(Stored data)
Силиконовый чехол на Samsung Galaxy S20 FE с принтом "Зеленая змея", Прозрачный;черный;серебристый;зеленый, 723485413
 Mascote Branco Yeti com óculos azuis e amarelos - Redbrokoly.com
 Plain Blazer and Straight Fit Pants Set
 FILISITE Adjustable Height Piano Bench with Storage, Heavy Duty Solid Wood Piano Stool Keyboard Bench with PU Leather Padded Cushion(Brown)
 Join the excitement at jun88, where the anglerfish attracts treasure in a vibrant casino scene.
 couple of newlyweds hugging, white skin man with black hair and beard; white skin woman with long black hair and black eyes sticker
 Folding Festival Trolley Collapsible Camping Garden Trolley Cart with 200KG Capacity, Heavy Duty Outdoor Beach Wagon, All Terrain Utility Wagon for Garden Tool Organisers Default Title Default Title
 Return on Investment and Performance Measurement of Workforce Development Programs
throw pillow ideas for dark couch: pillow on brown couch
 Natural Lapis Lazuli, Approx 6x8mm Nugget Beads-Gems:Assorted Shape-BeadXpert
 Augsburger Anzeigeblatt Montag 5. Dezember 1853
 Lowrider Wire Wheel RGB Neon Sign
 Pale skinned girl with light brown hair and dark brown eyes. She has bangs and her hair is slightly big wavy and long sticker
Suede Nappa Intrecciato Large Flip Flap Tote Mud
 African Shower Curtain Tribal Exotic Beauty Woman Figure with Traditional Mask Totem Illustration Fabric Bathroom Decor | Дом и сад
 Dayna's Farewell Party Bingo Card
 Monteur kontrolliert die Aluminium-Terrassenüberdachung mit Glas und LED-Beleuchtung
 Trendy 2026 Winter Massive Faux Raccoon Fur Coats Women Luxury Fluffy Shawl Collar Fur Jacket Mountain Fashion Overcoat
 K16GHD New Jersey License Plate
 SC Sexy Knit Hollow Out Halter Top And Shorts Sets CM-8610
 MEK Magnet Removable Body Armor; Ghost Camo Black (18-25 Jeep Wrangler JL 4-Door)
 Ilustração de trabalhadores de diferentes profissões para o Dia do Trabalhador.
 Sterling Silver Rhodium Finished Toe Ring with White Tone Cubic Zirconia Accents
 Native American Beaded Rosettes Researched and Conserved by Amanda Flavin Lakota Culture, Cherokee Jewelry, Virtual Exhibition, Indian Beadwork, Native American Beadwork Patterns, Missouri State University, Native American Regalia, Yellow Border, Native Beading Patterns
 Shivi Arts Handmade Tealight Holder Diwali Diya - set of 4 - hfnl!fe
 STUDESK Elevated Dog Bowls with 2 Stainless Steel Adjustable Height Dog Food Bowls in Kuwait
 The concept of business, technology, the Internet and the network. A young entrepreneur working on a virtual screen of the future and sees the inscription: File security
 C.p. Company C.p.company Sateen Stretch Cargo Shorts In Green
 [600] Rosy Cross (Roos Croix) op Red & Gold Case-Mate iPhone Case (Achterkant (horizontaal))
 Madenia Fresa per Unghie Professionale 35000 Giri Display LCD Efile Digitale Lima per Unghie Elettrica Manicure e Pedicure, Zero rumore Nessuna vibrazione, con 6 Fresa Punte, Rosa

| Goal of the exercise |
Please make an exact copy of the lines above from the line with "Return on Investment" through the line with "Suede Nappa Intrecciato", both ends included.

| Answer to this exercise |
 Return on Investment and Performance Measurement of Workforce Development Programs
throw pillow ideas for dark couch: pillow on brown couch
 Natural Lapis Lazuli, Approx 6x8mm Nugget Beads-Gems:Assorted Shape-BeadXpert
 Augsburger Anzeigeblatt Montag 5. Dezember 1853
 Lowrider Wire Wheel RGB Neon Sign
 Pale skinned girl with light brown hair and dark brown eyes. She has bangs and her hair is slightly big wavy and long sticker
Suede Nappa Intrecciato Large Flip Flap Tote Mud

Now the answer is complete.